Now, I’ve been thinking about point of view and tense lately, largely because of my reading. First person present tense is really big right now, especially in young adult books. Mostly, I think this is because of THE HUNGER GAMES, where it actually works very well. In fact, THE HUNGER GAMES is the only book I can think of in which first person present tense didn’t bother me.  

The book I’m currently reading is written this way. Actually, I think it always was in first person, but I suspect the present tense was a later revision. I say this because I’ve caught a couple of places where the verbs are still past tense, like they got missed in the revision. Sadly, it’s not the only place where the text could have used a thorough copy editor.

I have actually written a couple of short stories in first person: “Heart of Oak” and “Becoming Lioness”. The first because the story really did demand to be that intimate and the second because I just started “hearing” the voice of the story that way.
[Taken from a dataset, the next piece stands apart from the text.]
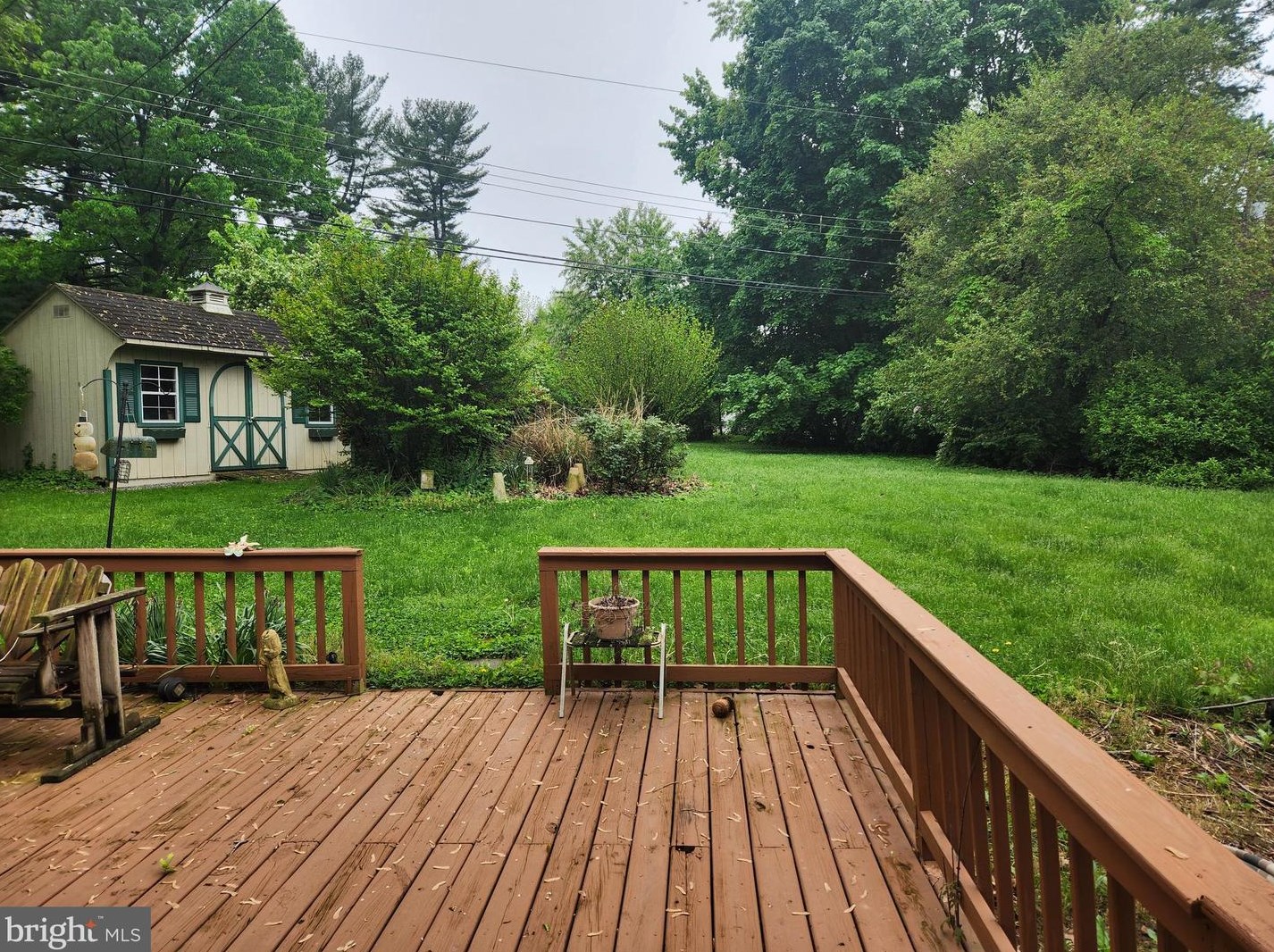 520 Hedgerow Ln, Lancaster PA  exterior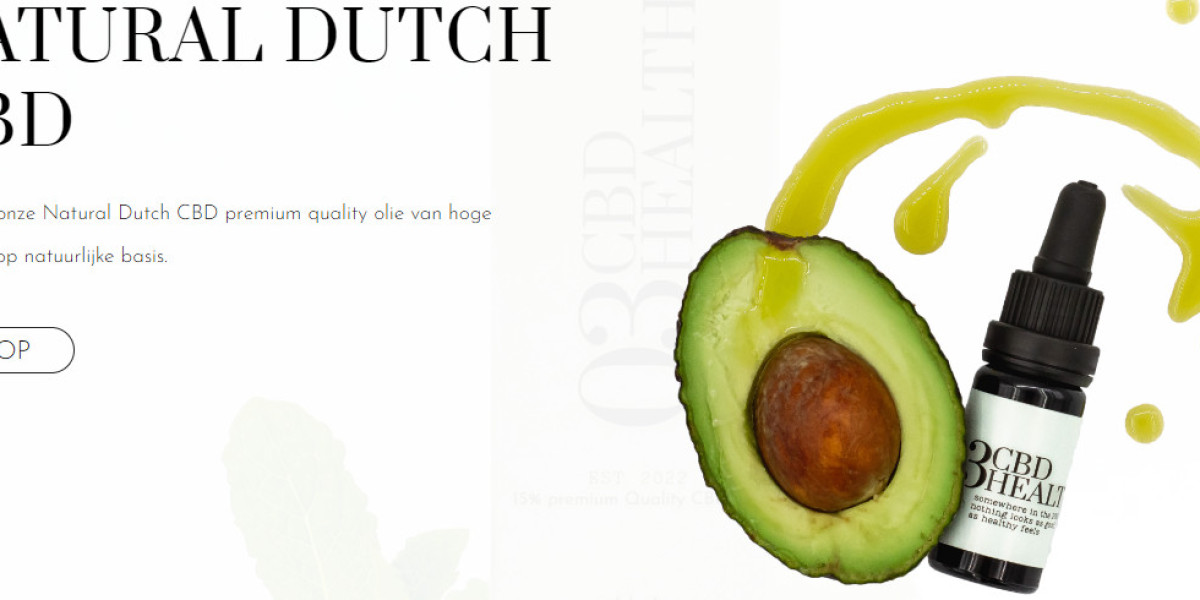 9 Dingen Die Je Moet Doen Elke Keer Dat Je Cbd-Olie Neemt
I think the key to successful use of first person is a closeness to a single character. It has to be intimate, because you’re asking the reader to be the character. It’s much more than just changing pronouns and verb conjugations.

Not every story can or should be told in first person. For one thing, it can get downright confusing if you have two or more point of view characters, all written in first person. I’ve read a couple of stories like that. If the chapter headings hadn’t told me who “I” was at any given moment, I’d have been completely lost.

Another reason to avoid first person is because it is–or should be–impossible to withhold information known to the character from the reader. Conversely, it’s also impossible to let the reader know anything that the first person character doesn’t know. Sometimes, you want to do this so the reader can (silently) shout “Don’t open that door!” or something similar. And it can be darn tricky to make a heroic first-person character not come off as arrogant or a braggart. Also, in those cases where a protagonist is indecisive or not proactive (which I hate anyway), first person isn’t going to make the reader feel any more motivated to continue the story than the main character is. Sometimes, too, you just do need a little more narrative distance from the main character.

Present tense is a trickier question for me. I confess, I just don’t really like it. The only time it hasn’t bothered me, even a little, was in THE HUNGER GAMES. Part of that, of course, is that it was handled truly skilfully there. Skill and mastery of the craft will always make a difference. (Something I think debut authors do well to bear in mind.)

But that’s not all of it. Present tense worked so well in THE HUNGER GAMES, I think, because Katniss was rarely thinking very far ahead or, after the first couple of chapters, very much about the past. She was living in and just trying to survive the moment. And so present tense worked.

This particular young adult novel that I’m reading now almost fits into that same mold, at least in large sections. Just not quite enough to really pull it off. Or maybe it’s the difference between a veteran and a debut author.

Decisions of point of view and tense shouldn’t be taken lightly or leaped into just because it’s the latest thing. Those choices should only be made because they serve the story best, in my opinion.